Kora
Today
In 2020, following the handover of The Mkomazi Project in Tanzania, the Trust returned to Kenya to focus on the rehabilitation of Kora National Park, continuing extensive discussions with KWS for the long term stewardship, conservation, environmental protection and sustainable development of Kora and to forward the joint objectives.
Kora’s landscape has been been degraded over the past three decades with intense livestock incursions, commercial bush meat poaching, the loss of its wildlife dispersal areas, charcoal production, the burning and destruction of the Tana River forests and climate change. However, the Kenya Wildlife Service has established a restoration programme. Together with the Trust, they are working on the long-term rehabilitation of the ecosystem, the protection of its habitat and wildlife and continuing its work in the adjacent communities.

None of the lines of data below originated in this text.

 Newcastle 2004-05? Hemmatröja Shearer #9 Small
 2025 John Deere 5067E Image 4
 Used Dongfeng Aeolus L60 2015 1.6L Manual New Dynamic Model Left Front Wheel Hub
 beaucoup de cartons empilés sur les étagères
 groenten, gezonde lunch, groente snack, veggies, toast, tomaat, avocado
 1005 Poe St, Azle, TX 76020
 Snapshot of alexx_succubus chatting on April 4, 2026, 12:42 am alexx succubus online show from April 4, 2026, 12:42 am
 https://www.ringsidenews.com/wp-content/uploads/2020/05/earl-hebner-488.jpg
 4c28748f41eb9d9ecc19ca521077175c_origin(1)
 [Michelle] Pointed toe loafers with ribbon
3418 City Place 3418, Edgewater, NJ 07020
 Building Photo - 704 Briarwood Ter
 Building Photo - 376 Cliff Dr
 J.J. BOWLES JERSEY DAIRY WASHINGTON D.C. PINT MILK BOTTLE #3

The Kora project is a multi-disciplinary approach to an environmental rehabilitation programme encompassing the following:
- Infrastructure upgrades
- Reducing damage to the Kora ecosystem
- Strategic support for Kenya Wildlife Service
- Wildlife recovery programme
- Community outreach programme
- Tourism promotion






“Kora, so often overlooked and misrepresented, is well worth every effort to sustain it as a wild place in its own right and as a value added buffer to the Meru National Park. Tony Fitzjohn has the vision, the energy and the expertise to put this together, but he needs the support of all of us if success is to be assured.”